• **SUPPLIED INFORMATION**
----------

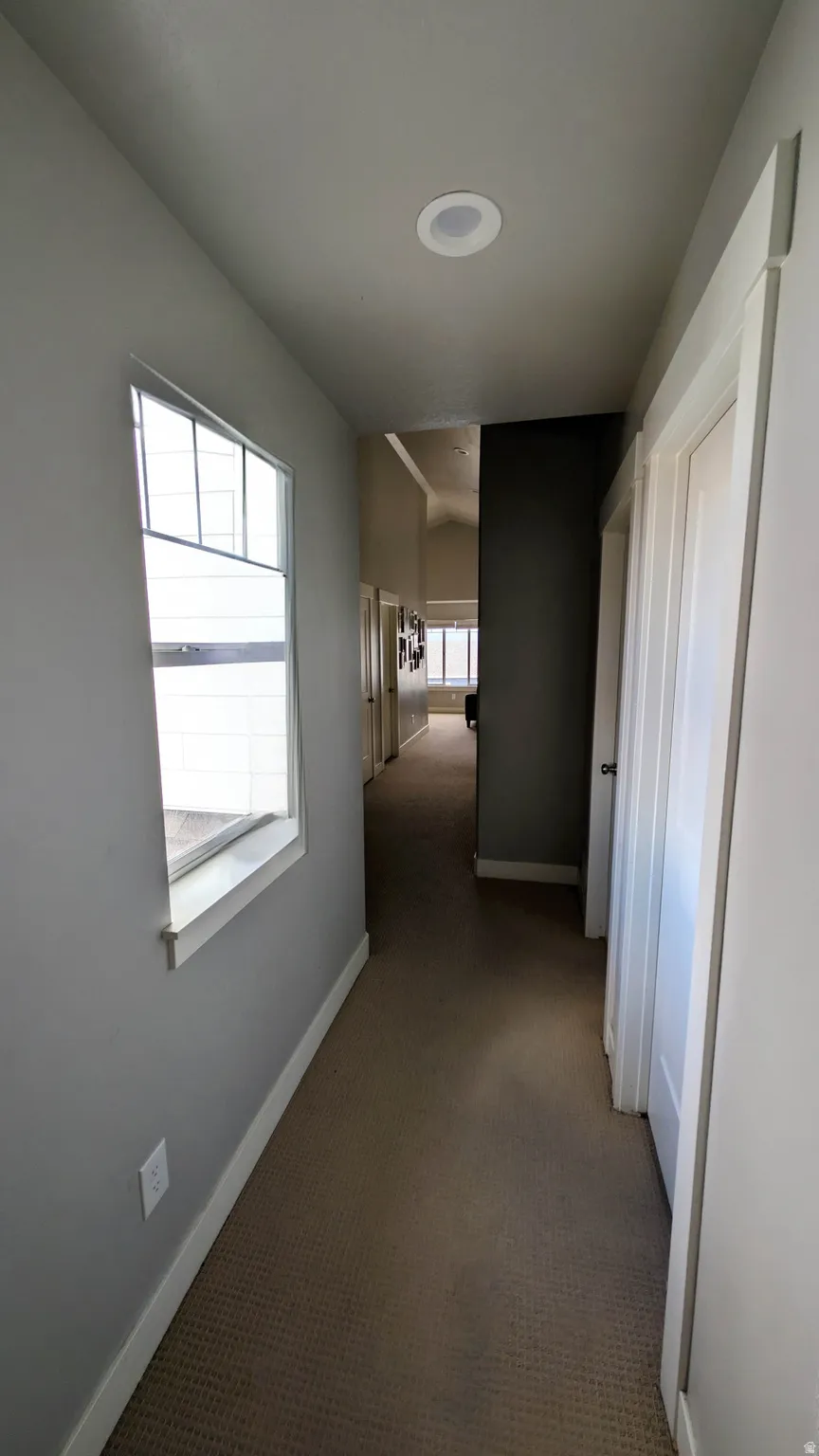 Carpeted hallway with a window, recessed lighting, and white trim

----------

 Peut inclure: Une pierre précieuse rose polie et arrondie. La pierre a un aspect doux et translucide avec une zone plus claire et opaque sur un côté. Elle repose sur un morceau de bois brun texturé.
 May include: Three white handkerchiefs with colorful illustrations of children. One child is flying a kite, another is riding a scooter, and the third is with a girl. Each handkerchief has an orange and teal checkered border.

----------

Return, unchanged, the run of lines above that opens with the line containing "Peut inclure: Une" and closes with the line containing "May include: Three". Include both.

• **COMPLETED TASK**
 Peut inclure: Une pierre précieuse rose polie et arrondie. La pierre a un aspect doux et translucide avec une zone plus claire et opaque sur un côté. Elle repose sur un morceau de bois brun texturé.
 May include: Three white handkerchiefs with colorful illustrations of children. One child is flying a kite, another is riding a scooter, and the third is with a girl. Each handkerchief has an orange and teal checkered border.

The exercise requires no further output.